-- Exercise directions --
Restate the listing below word for word; no pictures belong in the copy.

-- Supplied data --
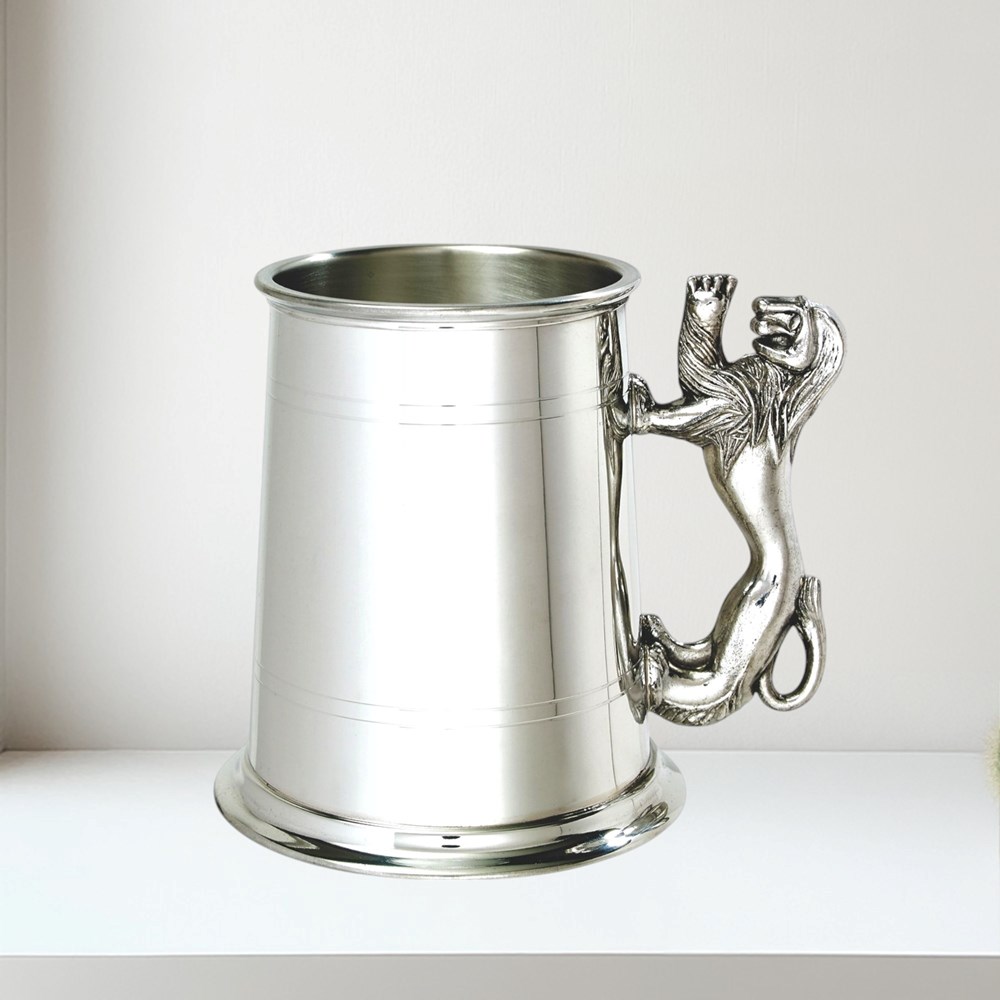 Lion Handle One Pint Pewter Tankard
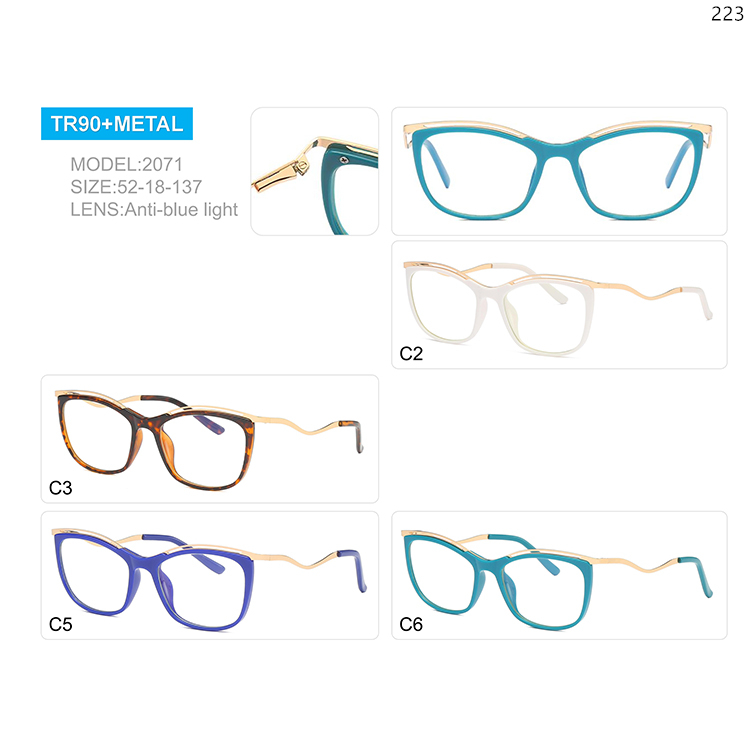 2071-80 Unisex Elegant Design Blue Light Blocker Optical Glasses with Metal Spring Hinge (1)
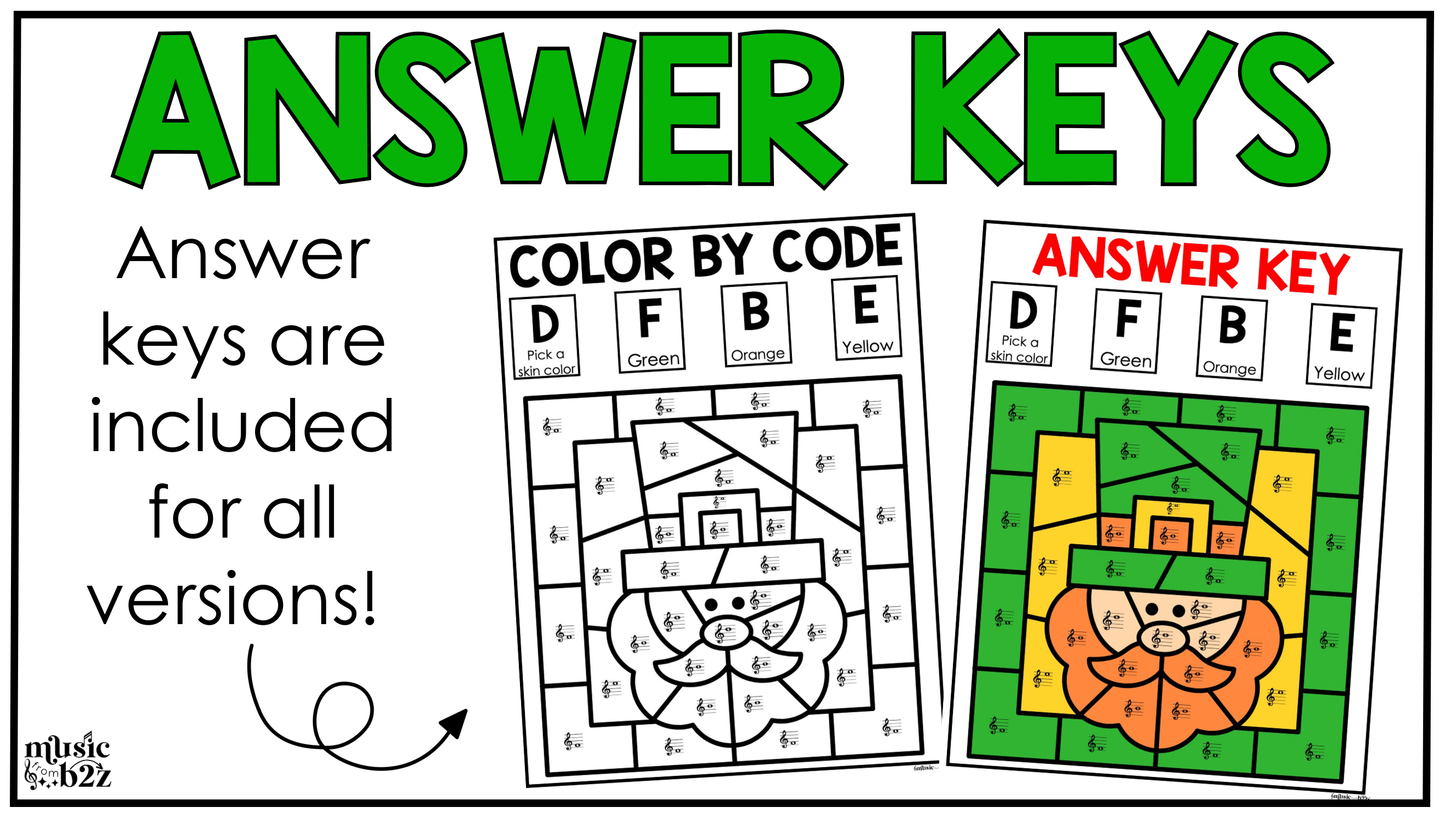 St. Patricks Day Music Coloring Pages Color by Note Music Worksheets Treble Clef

-- Response for this exercise --
 Lion Handle One Pint Pewter Tankard
 2071-80 Unisex Elegant Design Blue Light Blocker Optical Glasses with Metal Spring Hinge (1)
 St. Patricks Day Music Coloring Pages Color by Note Music Worksheets Treble Clef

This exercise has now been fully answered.